By adopting a holistic approach (completion strategy) to our onshore and offshore assets, we have managed to generate attractive risk-adjusted returns for our investors. This is evidenced in Figure 3 which shows the annualised return and risk from the end of March 2014 to the end of June 2018. Over this period, global equities (in rands) were the best performing asset class.1 As shown in Figure 3, Investec ‘Completion’, our high conviction completion approach (which reflects the offshore component of Investec Balanced), resulted in significantly higher returns than that of global equities. That said, this higher return came with higher risk, when measuring the volatility of returns on a stand-alone basis. However, our focus on complementarity is key. By adding our ‘completion’ offshore assets to our domestic-only Balanced portfolio, a better return is achieved, than if we just added global equities (best performing asset class) to the domestic assets. What’s more, our emphasis on complementarity actually reduced the risk for our investors.
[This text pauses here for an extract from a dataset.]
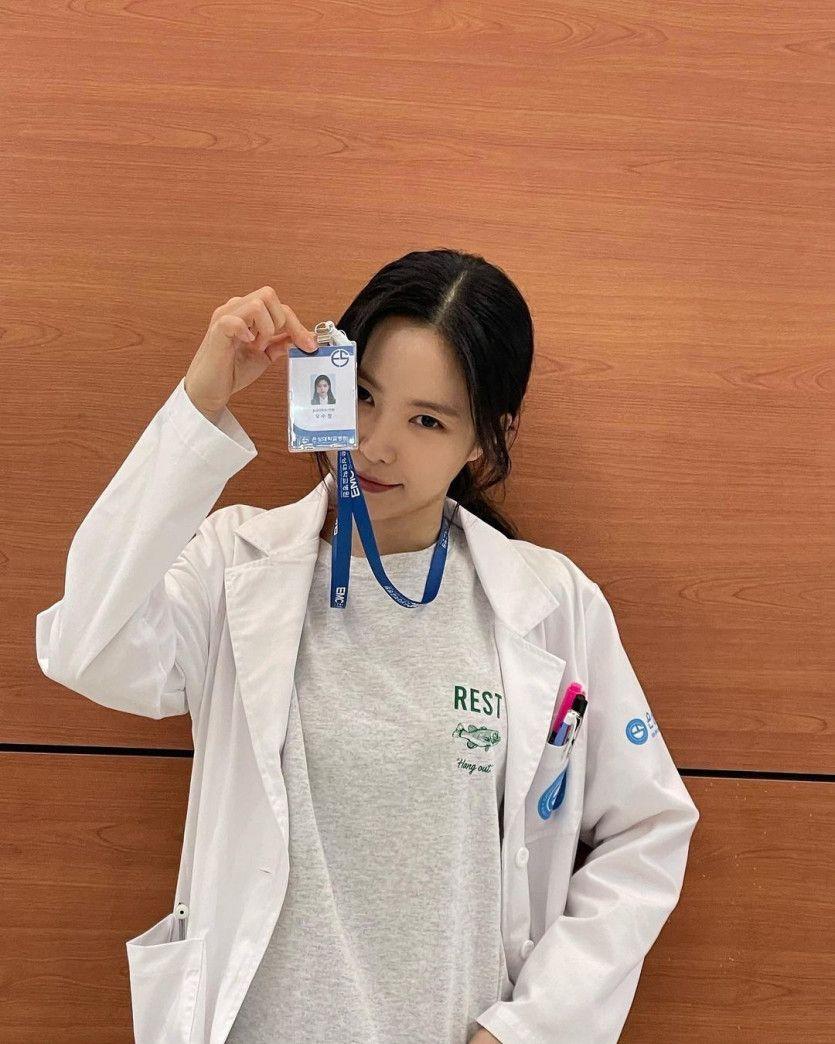 손나은3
Figure 3: Investec Balanced strategy’s completion approach has added to returns and reduced risk
Source: Investec Asset Management, Bloomberg, 31.03.14 to 30.06.18. Investec Domestic Balanced + Completion (75%/25% respective weights, rebalanced monthly); Investec Domestic Balanced + Global Equities (75%/25% respective weights, rebalanced monthly). All returns are gross of fees.
Higher offshore limits for Regulation-28 funds broaden the investment opportunity set available for retirement savers. While this has the potential to deliver a more attractive outcome, it may also pose an additional risk to local savers if not correctly managed. Based on our experience, we concluded a number of years ago that an allocation to offshore assets through the use of independent/stand-alone strategies or third-party managers was suboptimal. In response, we adopted a holistic approach, considering our offshore investments on a total portfolio basis. This implies full sight of all assets and control over them, both local and offshore. Our approach requires constant evaluation of the interaction and correlation of different assets across geographies. We believe this is the only solution to appropriately enhance diversification and therefore the risk-adjusted returns for our investors. This approach has been a key contributor to enhancing the return and reducing the risk for our investors. The positive contribution from our completion approach should continue to contribute to risk-adjusted returns going forward, especially as the ability to increase the allocation to offshore assets has been increased.
1Period is since inception of Investec Completion strategy (31.03.14) to 30.06.18. ‘Broad asset classes’ (annualised returns in rands from 31.03.14 to 30.06.18) references Global Equities (MSCI ACWI, 14.0% p.a.); Global Bonds (Barclays Aggregate Global Bond Index, 7.1% p.a.); Global Cash (US Libor, 7.1% p.a.); SA Equities (SWIX, 7.7% p.a.); SA Bonds (ALBI, 8.0% p.a.) and SA Cash (STeFI Composite, 7.0% p.a.).
All information and opinions provided are of a general nature and are not intended to address the circumstances of any particular individual or entity. We are not acting and do not purport to act in any way as an adviser or in a fiduciary capacity. No one should act upon such information or opinion without appropriate professional advice after a thorough examination of a particular situation. We endeavour to provide accurate and timely information but we make no representation or warranty, express or implied, with respect to the correctness, accuracy or completeness of the information and opinions. We do not undertake to update, modify or amend the information on a frequent basis or to advise any person if such information subsequently becomes inaccurate. Any representation or opinion is provided for information purposes only. Fluctuations or movements in exchange rates may cause the value of underlying international investments to go up or down. Investec Asset Management (Pty) Limited is an authorised financial services provider. Issued by Investec Asset Management, August 2018.